Triton is the largest moon of Neptune, and when Voyager 2 did a flyby of the moon in 1989 it discovered that it, too, has cryovolcanoes that are spewing nitrogen and ice 8 km into space. Little is known about the internal workings of these volcanoes because of the moon’s distance from Earth, but it has been observed being actively cryovolcanic.
When the New Horizons space probe was launched in 2006, astronomers expected to find Pluto and its moon Charon to be icy wastelands, just hunks of frozen rock floating out in the Kuiper Belt. They were shocked when they found a high level of geologic activity on the two objects, and evidence of possible cryovolcanoes. There are two obvious spots on Pluto that are being looked into as volcanoes, Wright Mons and Piccard Mons, which appear similar to Mars’ volcanoes. This is the first time features like this have been found on celestial bodies that are not terrestrial planets, and if they are indeed cryovolcanoes, this could change everything we know about them.

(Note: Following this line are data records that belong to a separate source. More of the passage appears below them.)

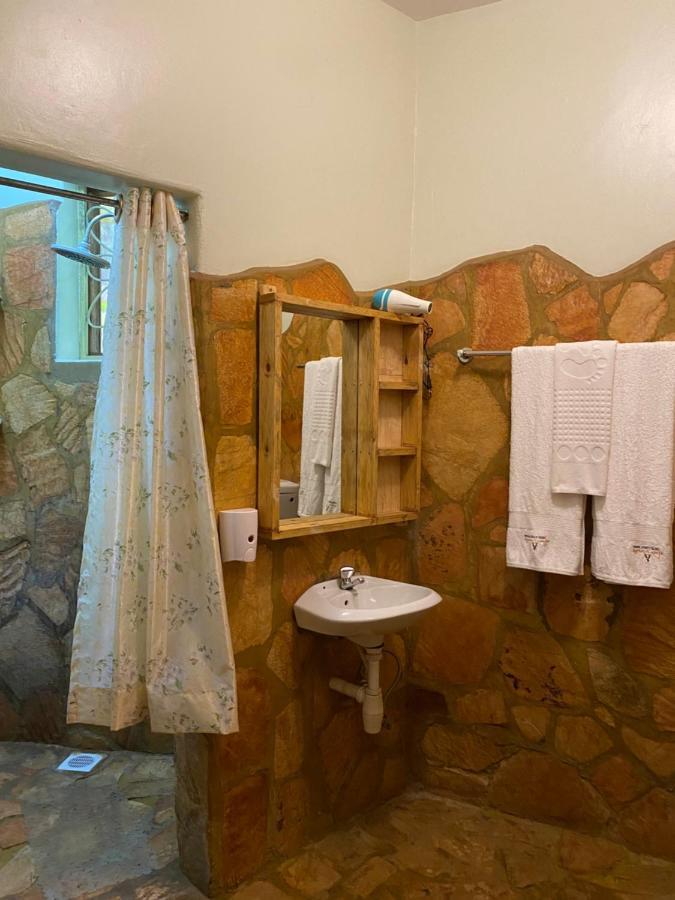 Afro Smile Hotel And Guest House-Jinja Exteriör bild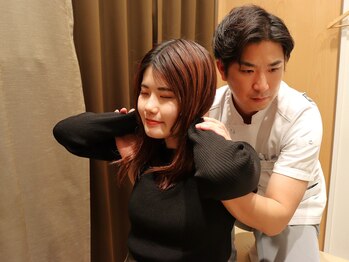 アイキュア鍼灸接骨院 四谷三丁目(iCure鍼灸接骨院)/姿勢改善!猫背矯正☆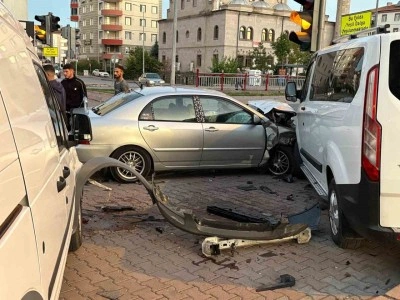 Kayseri&rsquo;de otomobil park halindeki 2 araca &ccedil;arptı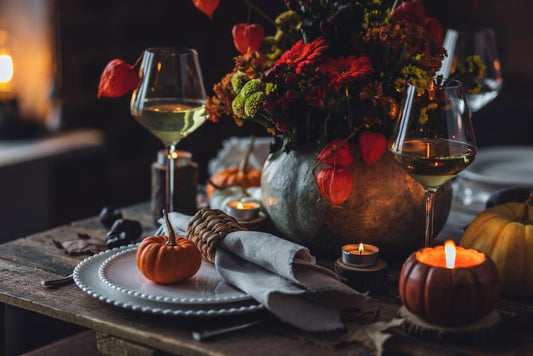 beautiful-halloween-table-settings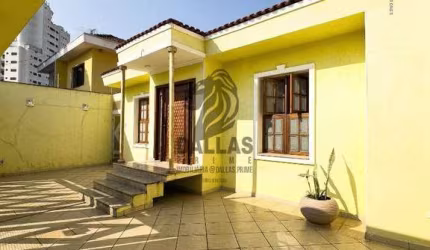 CASA TÉRREA FUNCIONAL COM TERRENO AMPLO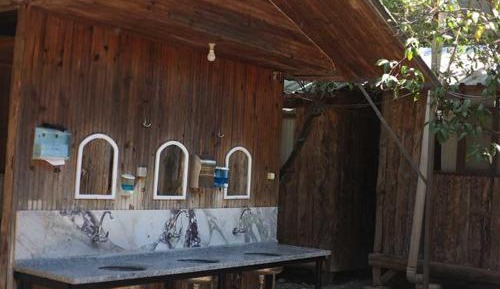 Tree House Triple Room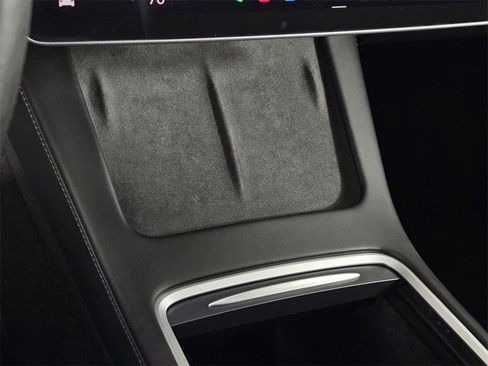 Used 2023 Tesla Model 3 Standard Range image 16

Pluto, taken by the New Horizons space probe
Wright Mons, a possible cryovolcano on Pluto
Charon, as taken by the New Horizons space probe
An Artist’s rendition of a cryovolcano on Charon
Volcanoes are found on celestial bodies all throughout the solar system, and as space continues to be explored, new types of volcanoes are discovered. They differ in every possible way, from size to eruption composition, to formation, but they all tell a story about an active and constantly evolving solar system, and by extension, universe.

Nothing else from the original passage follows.